William Hill Great St Wilfrid Stakes Handicap Odds and Preview – Horse Racing Betting (Aug 17)

Dods sprinter to have Great St Wilfrid rivals in a spin

Horse Racing Betting

The last seven winners of the prestigious William Hill Great St Wilfrid Handicap at Ripon have started from a double-digit draw but that stat is, of course, misleading. A few years ago, stalls numbers were all regimented so that the lowest were placed against the inside so many of those winners were actually drawn near the far rail, unlike under new conditions. Much more impressive is the fact that anything aged eight or older has, historically, little chance and no three-year-old have won this valuable sprint since Pipalong in the last century and she was a Group 1 performer. So, immediately, you can put a line through Borderlescott, Blaine, Polski Max and Regal Parade. I can’t see the Scott Dixon pair, Dr Red Eye and Thunderball, being good enough while it doesn’t look like Hoof It is the force of old and he may struggle under his big weight. There are similar concerns surrounding Captain Ramius but, now we’ve crossed a few off the list, what’s going to win?

The Armstrong Memorial Handicap over the same course and distance as this weekend’s feature may well hold the key as SPINATRIX (9/1 with BetVictor and Betfred) beat Pearl Ice (11/1 with Coral), despite having to weave his way through from an uncompromising position. The runner-up is a couple of pounds better off and David Barron has brought over promising Irish apprentice Conor Hoban to ride, but Michael Dods‘ sprinter looks worth sticking with as he’s yet to run a bad race on the track and recent rain is of no concern.

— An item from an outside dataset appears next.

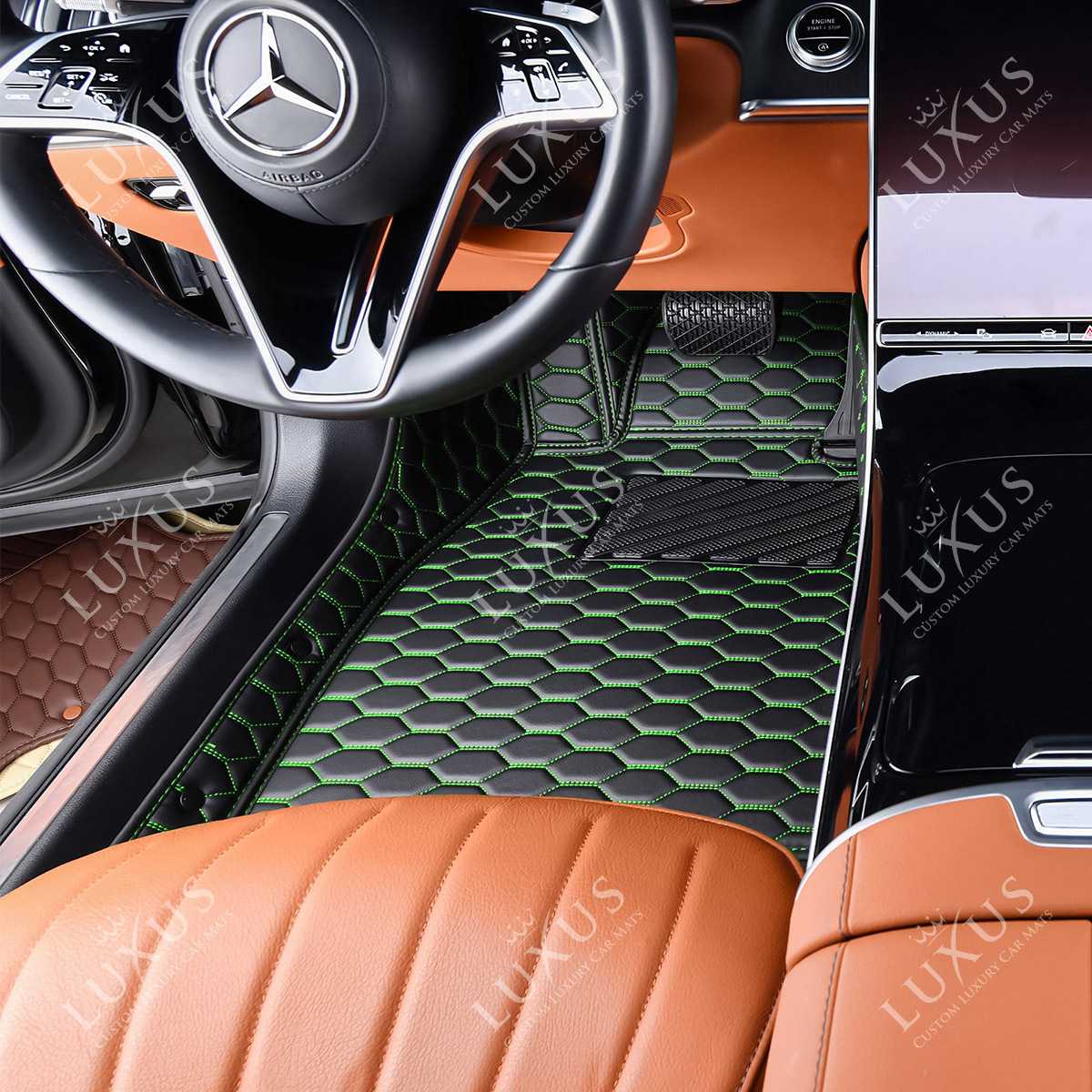 Luxus Premium Honeycomb Custom Car Mats Set | Black & Green Stitching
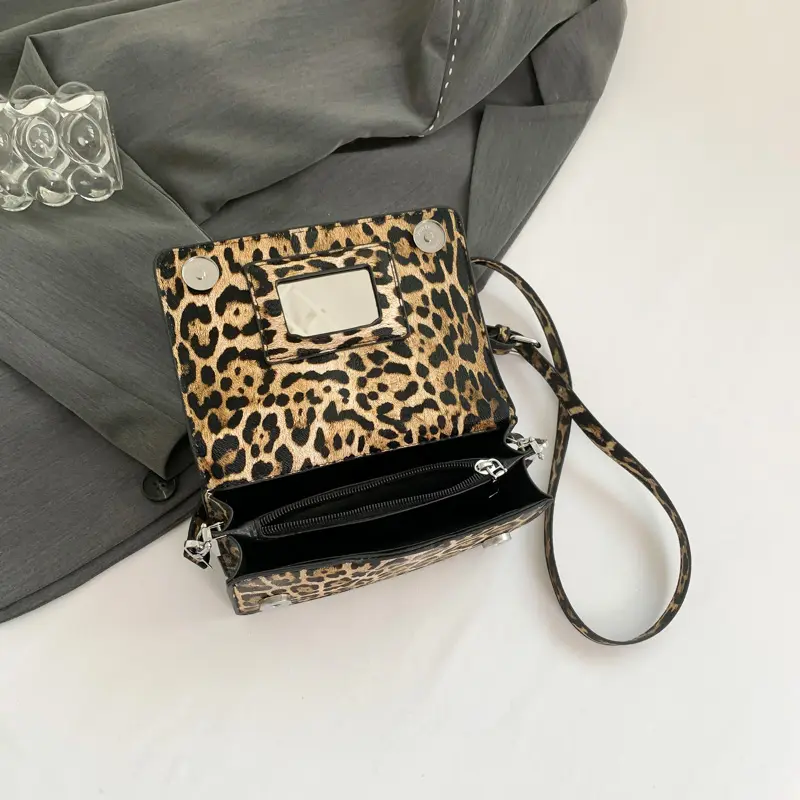 Mini Leopard Pu Leather Shoulder Bags for Women 2025 Y2k New Korean Fashion Travel Handbags and Purses Female Flap Crossbody Bag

Baccarat has been well backed (11/2 with Coral) following a couple of decent runs in good company since winning over track and trip in the spring. He’s only had seven runs but he’s one of those whose connections wouldn’t want conditions to ease. Louis The Pious (10/1 with Boylesports and William Hill) finished ahead of a number of this weekend’s rivals when seventh in the Stewards’ Cup at Goodwood and must have some sort of chance off the same handicap mark while David O’Meara also runs Dick Bos. The bottom weight has proved ultra-consistent this term, winning over course and distance in June. He seems to enjoy the hurly-burly of these big fields and is no forlon hope at Skybet‘s 11/1 given he’s oblivious to the state of the going.

Dick Bos starts from stall 11 and will probably track across to the far side where the pace appears to be. But Spinatrix will only have to keep straight from stall one to hold a good position and it’s the Dods’ five-year-old who looks the most likely winner.